Tons and tons of data remain largely unexploited. The key to unlocking and achieving innovative feats and designing the most ingenious solutions may lie in being able to extract insights from the data.
With the availability of and accessibility to a wealth of tools and resources that can help us better understand ourselves, it’s time we leveraged such opportunities in designing better systems for ourselves. It’s time we demanded improved transparency on governance, processes, and access to data on the performance of the MDAs (ministries, departments, and agencies).
This initiative aims to provide a platform to promote public discourse and deliberation on the Nigerian budget by taking advantage of visual storytelling, data analytics, and open data.
A host of professionals – some data analysts and engineers – have contributed to this body of work. This will be the largest set of structured analytical data detailing the FGN 2020 Executive Budget Proposal. A detailed list of the contributors can be found at the end of this article.
If you need to catch up on our previous articles that covered the extraction and automation process of creating structured data from the 2000-page budget document, kindly review part 1, part 2 and part 3 of the process.
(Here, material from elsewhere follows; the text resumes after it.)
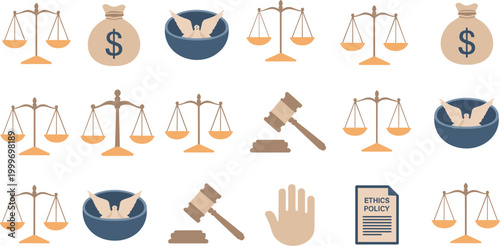 Justice and Finance Icons Collection scales of justice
Connect to the open budget dataset
Kindly download the attached text file below with detailed links to the cloud databases.
Download the text file>>
There are five individual links to separate tables in the downloaded file. Open the text file and you will find links to:
- Total Expenditure Items
- Capital Projects
- Summary by MDAs
- Summary by sub-MDAs
- Budget Schema
The links look like this:
Copy the link for Total Expenditure Items and connect to the web data source from within Power BI or your preferred business intelligence (BI) tool. Essentially, the database is hosted on Google Sheets and we will leverage Google’s architecture to enable collaboration on this project.
Then paste the copied Expenditure link into the dialog box and click OK. Connect as anonymous to the Google Sheets as there is no need to sign in.
Next, right-click on the document and select Excel as the output.
An error will be thrown out stating that the table is not in the required format. This error is expected and it can easily be handled by replacing the last characters in the link (ods) with xlsx, the code for Excel.
If you can’t see this formula bar, go to View menu and check the Formula Bar option.
After the replacement, you should now see a list of tables contained within the Expenditure database. Each table corresponds to a single MDA and there are 48 of them, thanks to the incredible efforts of the analysts and professionals who contributed to this project.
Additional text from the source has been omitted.